EXERCISE OBJECTIVE:
Skip the pictures. Transcribe exactly the lines from the line containing "12V 1A Power" to the end of the listing.

DATA:
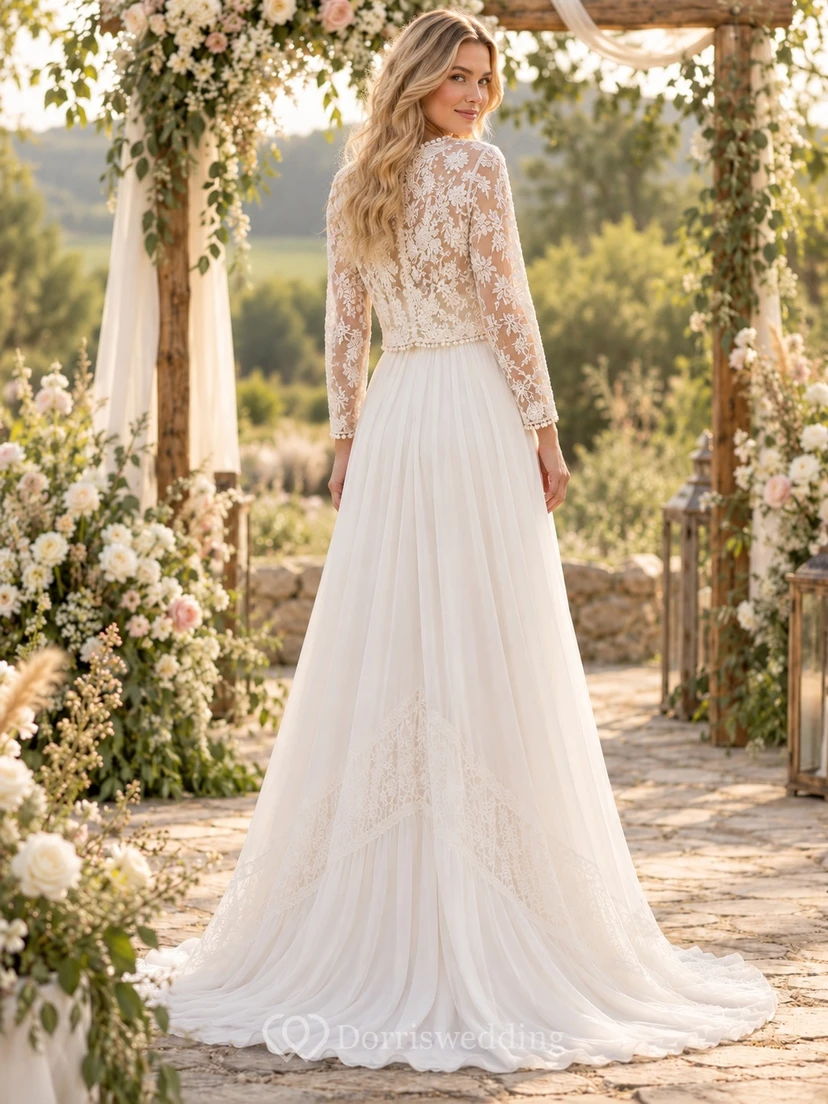 Boho-Hochzeitskleid mit langer Ärmel, kurzer Spitzenjacke und fließendem A-Linien-Schnitt view 2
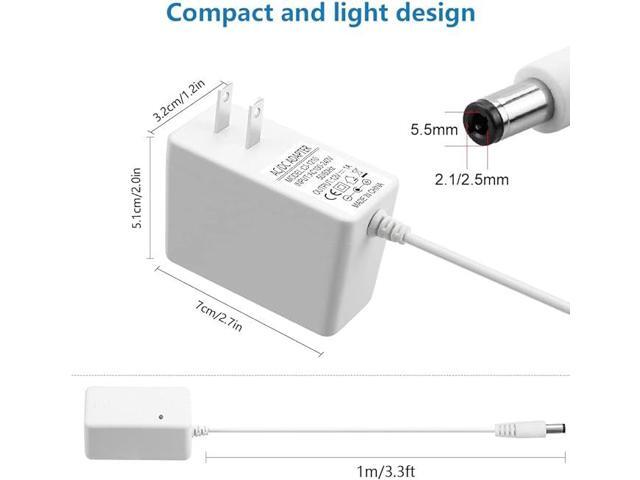 12V 1A Power Supply 12 Volt 1A 12W White AC Adapter 12volt 500mA 600mA Power Adapter 100V~240V AC to DC Converter with 5.5x2.5mm Tip for LED Light...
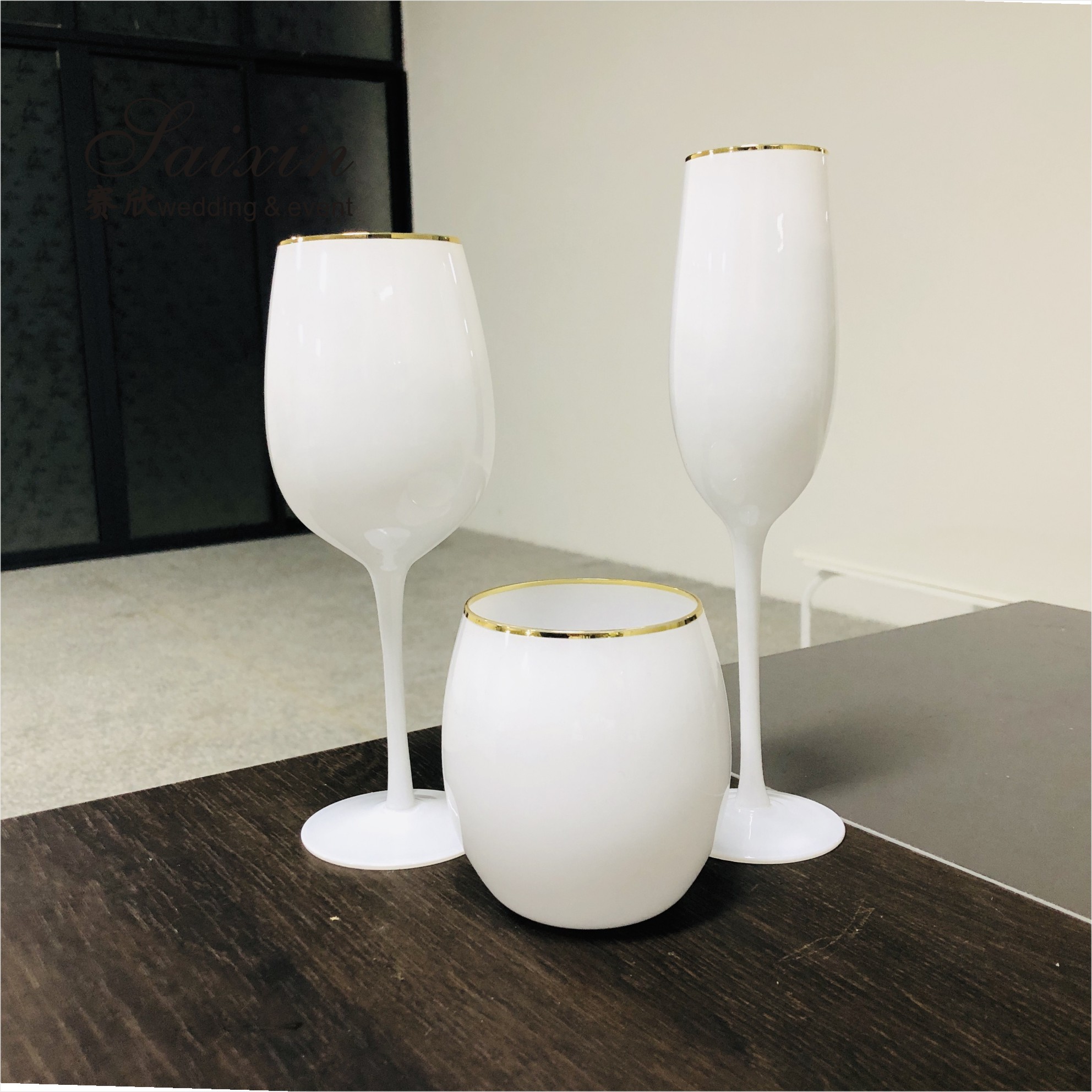 Gold Edge Clear Wine Champagne Water Glasses Party Personalised Wedding Glassware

REPLY:
 12V 1A Power Supply 12 Volt 1A 12W White AC Adapter 12volt 500mA 600mA Power Adapter 100V~240V AC to DC Converter with 5.5x2.5mm Tip for LED Light...
 Gold Edge Clear Wine Champagne Water Glasses Party Personalised Wedding Glassware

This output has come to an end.